If, with McCormac to take the picture, and Price to do the coloring, our senior’s face is not well taken, then there is no use in any one else trying.  In our opinion, this Photograph cannot be surpassed.

The second announcement appeared on May 21, 1858.  Mr. Price is again in our midst Mr. Price is a painter of decided merit, and if evidence of that fact were wanting, his picture of that fact were wanting, his picture of Mr. Fillmore is sufficient to place the matter beyond a doubt.  Mr. Price is also a high-toned and honorable gentleman, and we bespeak for him a liberal share of patronage.  We presume he will resume his employment as colorer of Photographers for Mr. W. J. McCormac.  Success attend them both.

S. W. Price is not recorded in other photographic directories. There is a possibility that this is Samuel Woodson Price a portrait and figure painter who was active in Kentucky and Tennessee prior to the Civil War.

William F. Porter

1855-1856       Over Baldwin’s Book Store, Main Street, Warren, Ohio.

William F. Porter was recorded in two announcements and two advertisements in the Western Reserve Chronicle  (Warren, Ohio).  The first announcement appeared on September 19, 1855.  Daguerreotypes.  Our young friend W. F. Porter, has somewhat changed his vocation, and instead of painting landscapes, trees, lakes and rivers, earth and sky on canvas, is now calling to his aid, the sun and light, to paint human, face divine on daguerrean plate.  Mr. Porter has the taste of a poet, and eye of an artist.  If his pictures are as life-like as his poetry is true and pure, his patrons must be satisfied.

He has tastefully fitted up rooms over Baldwin’s Book Store, on Main Street.  Success attend him.

The first advertisement ran from September 12 to November 21, 1855.  W. F. Porter’s Sky-Light Daguerrean Rooms.  “Secure The Shadow Ere The Substance Fade.”  The subscriber is happy to announce to the citizens of warren and surrounding country, that he has fitted up a suit of Rooms over Baldwin’s Bookstore, south of the Post Office, with a large sky-light, where he is prepared to furnish Daguerreotypes in the Best Style of the Art.  He has a fine assortment of Materials, Cases, &c., of the latest styles, which he has received direct from New York, and which he will be furnished at moderate prices.  He has also a collection of Oil Paintings and Daguerreotypes for the gratification of the lovers of Art, and has spared no pains to make the rooms a pleasant and agreeable place of resort at all hours, and he is determined by constant additions to keep up their interest and make them one of the places worth visiting, both by citizens and strangers.  And he looks for a liberal support in his efforts to gratify those who require his services as an Artist and Daguerreotypist.

All persons are cordially invited to call, whether wishing Pictures or not.

Work done at my rooms will be warranted.  William F. Porter.  Warren, Ohio.  Sept. 12, 1855.

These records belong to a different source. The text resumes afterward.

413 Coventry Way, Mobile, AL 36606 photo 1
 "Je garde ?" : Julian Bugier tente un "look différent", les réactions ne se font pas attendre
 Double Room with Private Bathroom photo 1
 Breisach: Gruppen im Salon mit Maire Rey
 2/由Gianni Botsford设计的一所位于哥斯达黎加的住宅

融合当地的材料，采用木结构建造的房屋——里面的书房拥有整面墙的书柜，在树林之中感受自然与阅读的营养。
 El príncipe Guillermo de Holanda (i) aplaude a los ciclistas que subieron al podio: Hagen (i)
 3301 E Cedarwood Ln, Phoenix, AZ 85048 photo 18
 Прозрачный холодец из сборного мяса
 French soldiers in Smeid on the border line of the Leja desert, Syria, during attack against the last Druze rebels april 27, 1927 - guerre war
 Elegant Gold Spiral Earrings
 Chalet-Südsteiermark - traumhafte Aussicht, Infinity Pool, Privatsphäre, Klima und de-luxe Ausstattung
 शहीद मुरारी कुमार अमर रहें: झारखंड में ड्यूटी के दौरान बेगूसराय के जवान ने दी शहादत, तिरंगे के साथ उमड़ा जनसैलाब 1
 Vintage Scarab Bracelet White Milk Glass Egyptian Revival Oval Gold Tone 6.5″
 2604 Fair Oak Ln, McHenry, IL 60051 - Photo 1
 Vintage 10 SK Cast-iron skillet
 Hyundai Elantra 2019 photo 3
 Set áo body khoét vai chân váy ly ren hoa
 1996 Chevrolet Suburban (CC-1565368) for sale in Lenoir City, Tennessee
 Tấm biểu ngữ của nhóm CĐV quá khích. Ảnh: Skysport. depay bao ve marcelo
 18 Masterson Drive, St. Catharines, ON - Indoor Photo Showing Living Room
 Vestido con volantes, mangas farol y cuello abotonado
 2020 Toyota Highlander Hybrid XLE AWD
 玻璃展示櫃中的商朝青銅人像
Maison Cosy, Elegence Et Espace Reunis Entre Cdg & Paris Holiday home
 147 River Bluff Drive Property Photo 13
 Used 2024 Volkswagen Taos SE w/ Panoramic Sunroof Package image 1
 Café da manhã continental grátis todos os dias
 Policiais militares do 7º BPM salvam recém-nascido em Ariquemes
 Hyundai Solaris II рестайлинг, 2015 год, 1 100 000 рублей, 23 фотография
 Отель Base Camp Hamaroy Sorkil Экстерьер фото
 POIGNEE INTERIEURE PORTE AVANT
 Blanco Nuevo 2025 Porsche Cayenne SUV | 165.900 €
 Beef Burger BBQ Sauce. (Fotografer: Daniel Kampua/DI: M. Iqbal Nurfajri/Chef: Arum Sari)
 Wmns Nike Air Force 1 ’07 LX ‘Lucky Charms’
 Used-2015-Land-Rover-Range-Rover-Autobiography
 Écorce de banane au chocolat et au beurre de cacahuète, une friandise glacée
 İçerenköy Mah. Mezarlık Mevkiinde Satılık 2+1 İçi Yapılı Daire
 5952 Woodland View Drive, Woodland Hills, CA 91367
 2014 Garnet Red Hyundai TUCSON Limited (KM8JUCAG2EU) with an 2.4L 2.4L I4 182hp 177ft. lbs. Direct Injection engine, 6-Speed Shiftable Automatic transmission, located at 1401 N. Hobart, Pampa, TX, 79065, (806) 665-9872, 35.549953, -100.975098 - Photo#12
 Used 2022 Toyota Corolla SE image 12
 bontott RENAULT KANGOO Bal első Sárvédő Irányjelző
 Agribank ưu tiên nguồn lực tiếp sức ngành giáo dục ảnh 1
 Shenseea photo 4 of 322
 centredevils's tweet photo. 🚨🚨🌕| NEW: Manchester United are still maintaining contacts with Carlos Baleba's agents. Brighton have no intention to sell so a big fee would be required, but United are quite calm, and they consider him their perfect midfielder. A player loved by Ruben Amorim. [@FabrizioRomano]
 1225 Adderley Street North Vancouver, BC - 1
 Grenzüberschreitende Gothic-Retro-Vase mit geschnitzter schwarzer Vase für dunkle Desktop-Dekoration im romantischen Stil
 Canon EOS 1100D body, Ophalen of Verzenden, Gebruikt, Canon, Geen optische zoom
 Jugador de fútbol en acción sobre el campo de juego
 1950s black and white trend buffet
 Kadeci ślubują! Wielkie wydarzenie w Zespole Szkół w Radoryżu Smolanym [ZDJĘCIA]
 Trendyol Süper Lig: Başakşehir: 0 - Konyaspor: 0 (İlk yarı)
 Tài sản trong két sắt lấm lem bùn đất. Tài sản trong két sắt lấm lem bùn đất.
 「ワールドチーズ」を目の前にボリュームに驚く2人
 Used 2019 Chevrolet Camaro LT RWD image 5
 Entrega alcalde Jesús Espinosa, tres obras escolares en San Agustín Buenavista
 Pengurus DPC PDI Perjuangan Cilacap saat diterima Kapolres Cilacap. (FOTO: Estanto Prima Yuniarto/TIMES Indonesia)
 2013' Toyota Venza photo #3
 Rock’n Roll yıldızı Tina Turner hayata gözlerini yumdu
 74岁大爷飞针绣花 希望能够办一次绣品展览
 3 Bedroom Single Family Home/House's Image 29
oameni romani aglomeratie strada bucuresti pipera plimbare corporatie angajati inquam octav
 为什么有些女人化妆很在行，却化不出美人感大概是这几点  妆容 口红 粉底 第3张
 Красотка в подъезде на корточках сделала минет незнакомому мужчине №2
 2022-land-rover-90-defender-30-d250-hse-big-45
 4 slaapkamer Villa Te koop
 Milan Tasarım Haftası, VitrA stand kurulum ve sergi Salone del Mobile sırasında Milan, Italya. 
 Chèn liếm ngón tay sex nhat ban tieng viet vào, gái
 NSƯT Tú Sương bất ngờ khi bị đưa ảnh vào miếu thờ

The second announcement appeared on January 2, 1856.  Ambrotypes.  We cannot imagine a more appropriate gift, to a relative or friend, than a life-like Ambrotype likeness.  They are much superior in every respect to Daguerreotypes.  Wm. F. Porter and Mr. Marsh, have taken some capital pictures of this kind.

The second advertisement ran from January 2 to February 27, 1856.   Ambrotypes—Wm. F. Porter Takes this opportunity of informing the public that he is now taking this new and beautiful style of pictures.  For delicacy of shade, tone and brilliancy, they are unequaled by any other style, and to be appreciated, they must be seen.  They are without the glare of the Daguerreotype, and have softer lights and shadows.  They are very permanent, as the picture is taken on one glass plate, and then another plate is cemented to that by a process which renders the two plates in fact one.  The picture is then the centre of a heavy glass plate, and cannot be destroyed, unless the glass is broken.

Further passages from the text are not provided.